Compostezza e rigore britannico non vengono mai scalfiti nella figura austera di John May, un funzionario comunale che si occupa di ricercare i parenti di persone morte in solitudine e di commemorarne il trapasso con dignità e cura, mestiere che il protagonista svolge con impeccabile impegno e profonda dedizione. La vita scandita e ossessivamente ordinata del sig. May subisce una leggera scossa a causa del suo licenziamento, seguito ai tagli del personale in una attualissima, periferica e poco scintillante Londra non risparmiata dalla crisi economica. Il cambiamento, però, non mette in crisi l’uomo, sì deluso ma intenzionato a portare a termine il suo ultimo caso con consueto zelo. Un caso che non a caso trasformerà il suo approccio alla vita.

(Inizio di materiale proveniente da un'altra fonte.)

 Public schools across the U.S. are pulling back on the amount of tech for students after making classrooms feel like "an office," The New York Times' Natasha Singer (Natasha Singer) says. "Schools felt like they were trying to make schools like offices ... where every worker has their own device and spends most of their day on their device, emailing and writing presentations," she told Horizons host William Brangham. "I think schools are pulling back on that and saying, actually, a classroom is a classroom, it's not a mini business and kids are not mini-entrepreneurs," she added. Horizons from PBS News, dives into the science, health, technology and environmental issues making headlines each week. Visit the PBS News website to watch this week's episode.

Quella che si presenta come la trama cupa di un film in assoluta controtendenza natalizia rivela una poesia e un lirismo inaspettati, non senza iconici richiami alla poesia cimiteriale del preromanticismo inglese, che riportano, però, l’attenzione sempre sulla vita e sulla bellezza nelle sue forme più semplici e immediate, come la novità di una cioccolata calda o la dolcezza di una donna. La ripetitività dei gesti, spesso comici, e le abitudini di vita del protagonista traducono e scandiscono, con perfetta coerenza, la sua solitudine, non molto diversa da quella delle persone di cui egli si occupa. Una non-esistenza che accomuna in alcuni momenti, confondendoli, vivi e trapassati. A percorrere circolarmente la pellicola in ogni dettaglio è proprio il tema della solitudine umana, dell’attesa disattesa, della malinconia, della morte che si affronta sempre da soli, ognuno nel proprio deserto dei tartari, senza tuttavia sottovalutare il potere della nemesi che può restituire quello che ha tolto. Una storia profondamente commovente che, indagando l’animo umano, mette tutti davanti ad un’imprescindibile verità: che l’indole umana sia solare o crepuscolare, la vita accomuna tutti nei momenti topici dell’esistenza e ci ricorda quotidianamente che in ognuno di noi convivono elementi luminosi e oscuri che, senza dover essere temuti o rifuggiti, vanno attraversati ed accettati nella loro compenetrazione. Il compito dell’uomo sembra essere quello di prenderne consapevolezza, perché questa è la Natura nella sua più sublime e crudele autenticità: un’alternanza di delizia e pena, bellezza e disarmonia, vita e morte, unione e separazione. E nonostante tutto, meravigliosa.